Captioned web images:
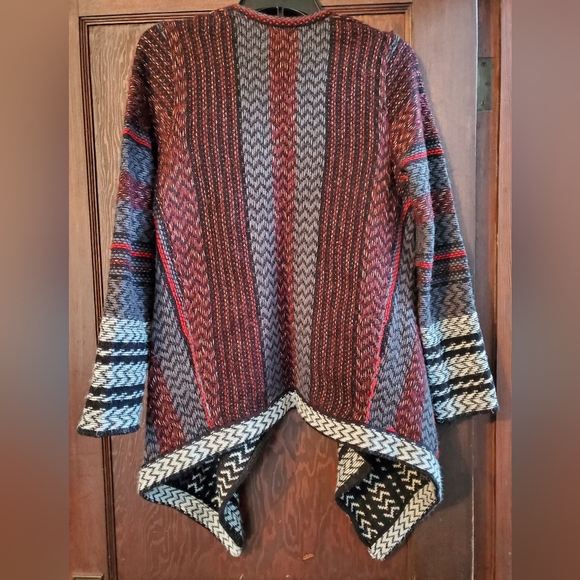 Patterned Sweater - Picture 2 of 3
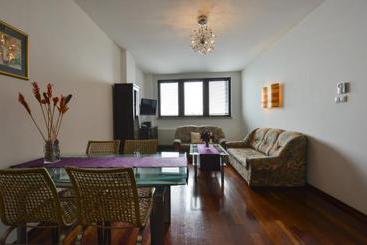 هتل Dom & House  Apartments Sea Towers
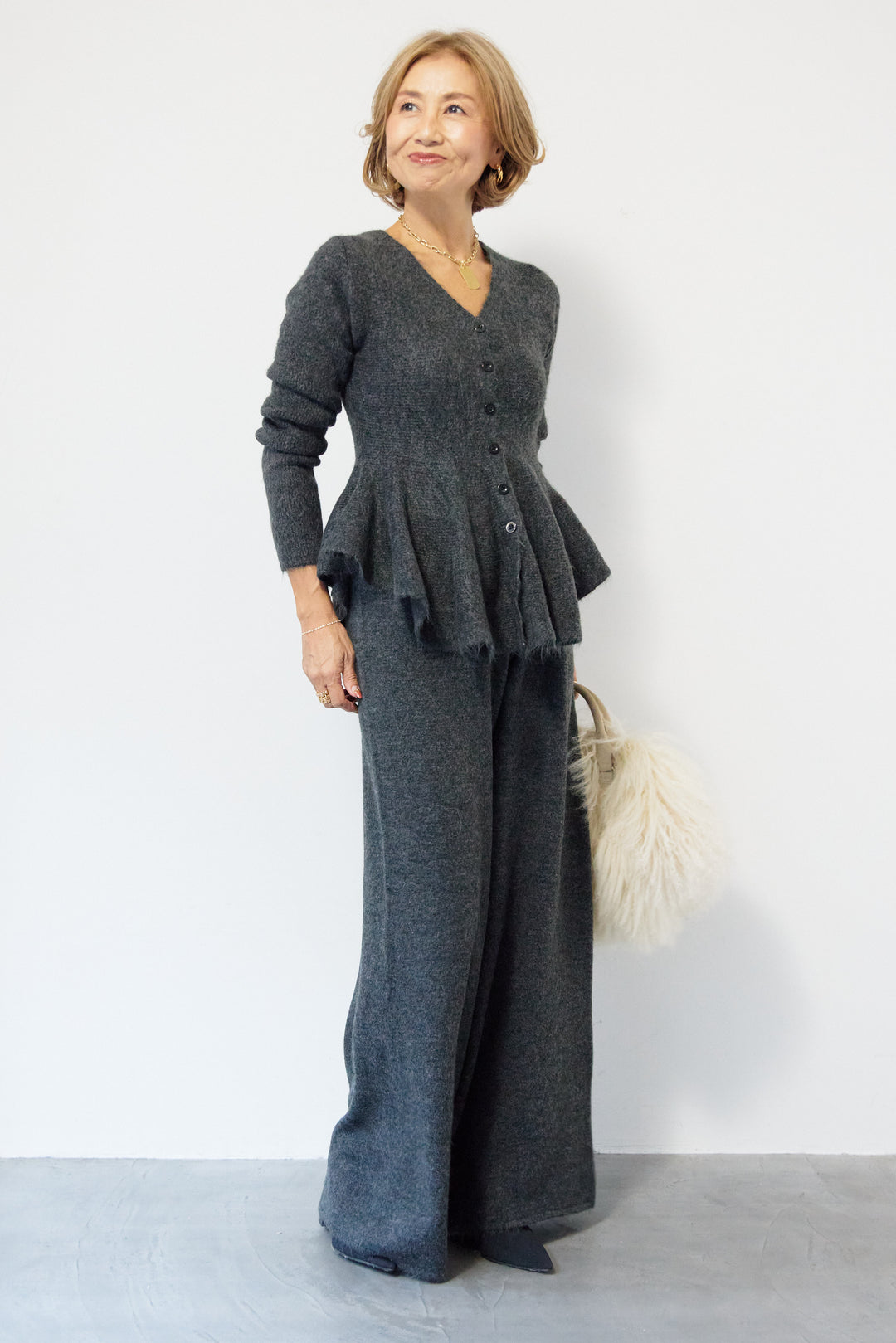 ペプラムニットセットアップ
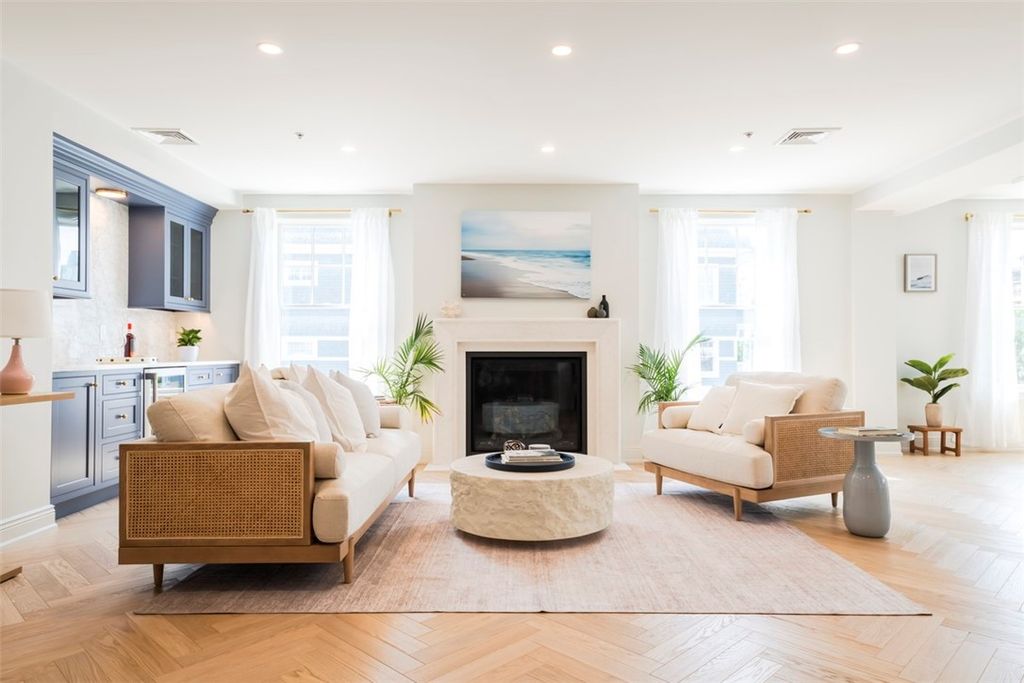 10 Brown & Howard Wharf 101, Newport, RI 02840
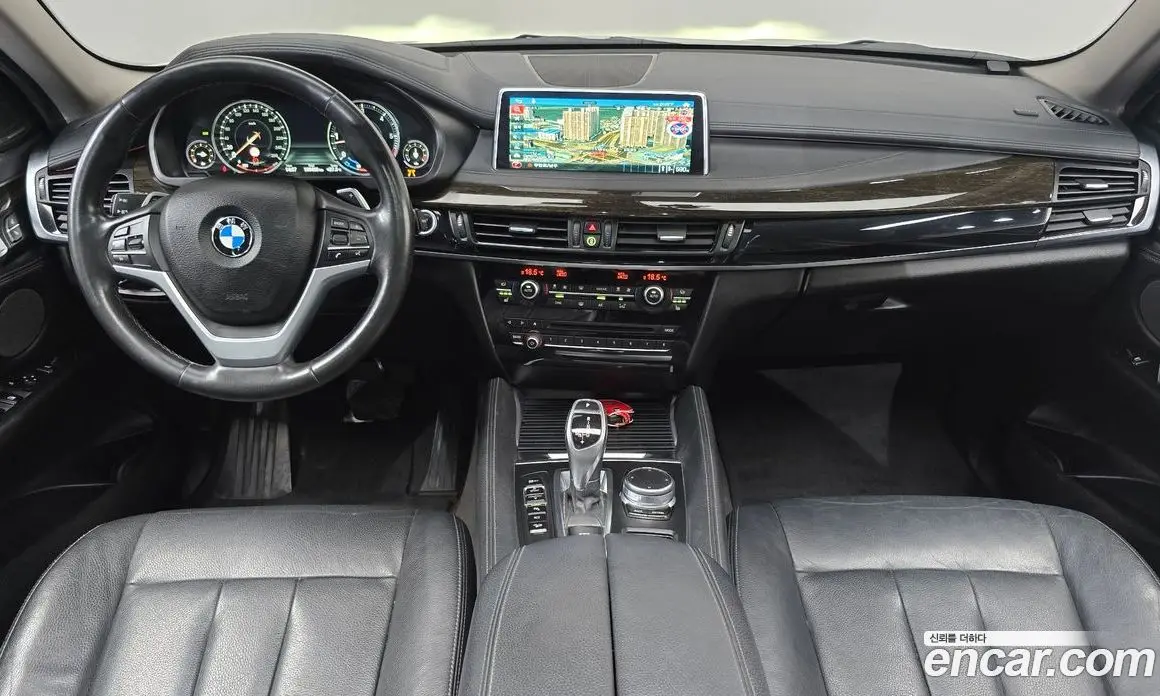 BMW X6 2017 3.0 автомат (гидро), фото 10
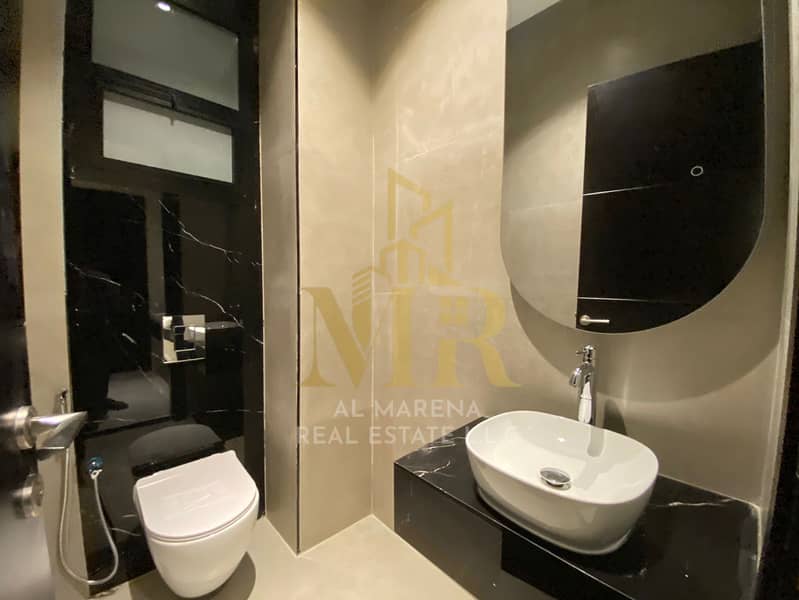 28 WhatsApp Image 2024-09-23 at 10.19. 19 AM. jpeg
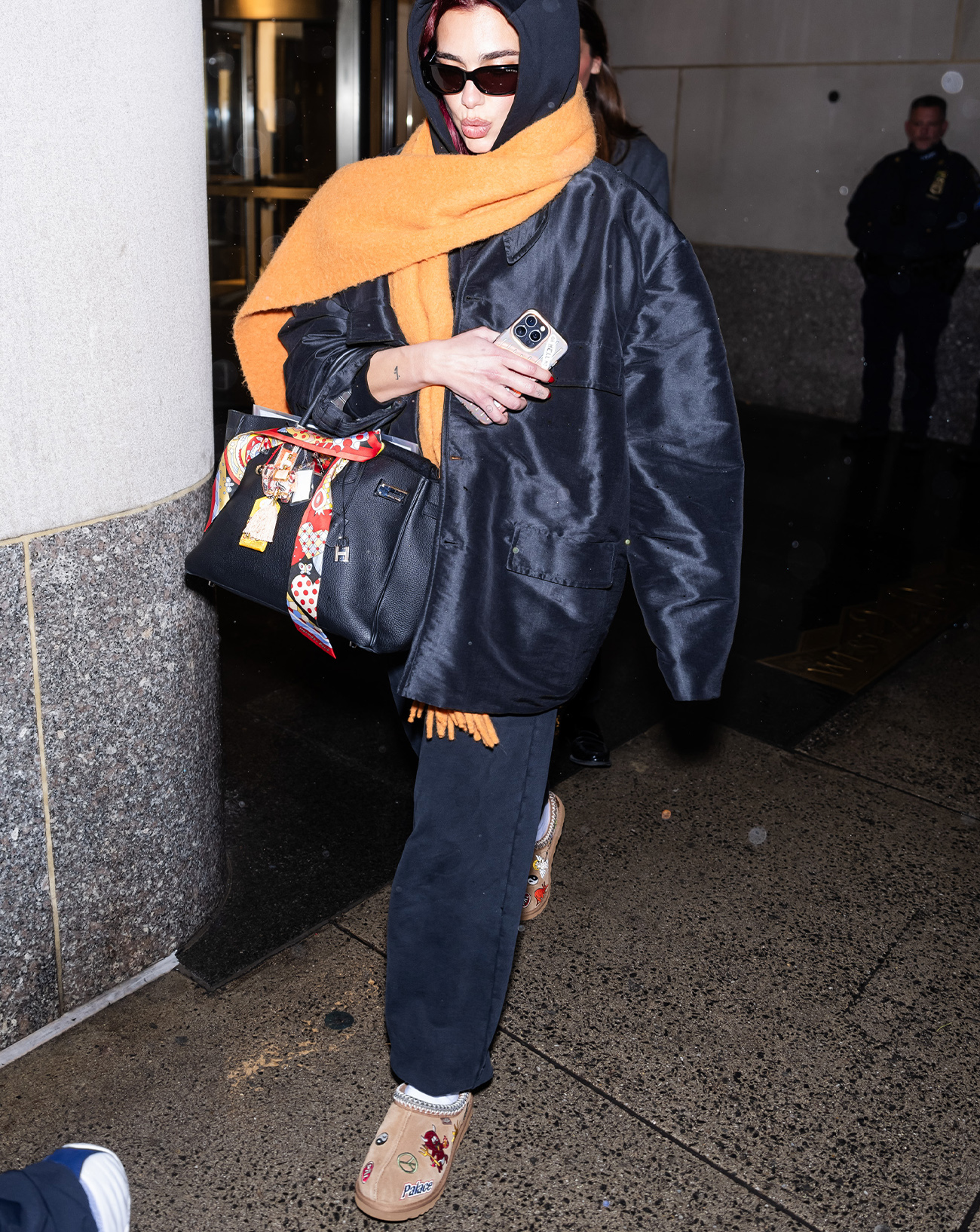 dua lipa en chaussons ugg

Exercise details: Reproduce word for word the lines running from the line with "28 WhatsApp Image" through the end of the data, both included, and nothing else; leave out the pictures.

Answer:
 28 WhatsApp Image 2024-09-23 at 10.19. 19 AM. jpeg
 dua lipa en chaussons ugg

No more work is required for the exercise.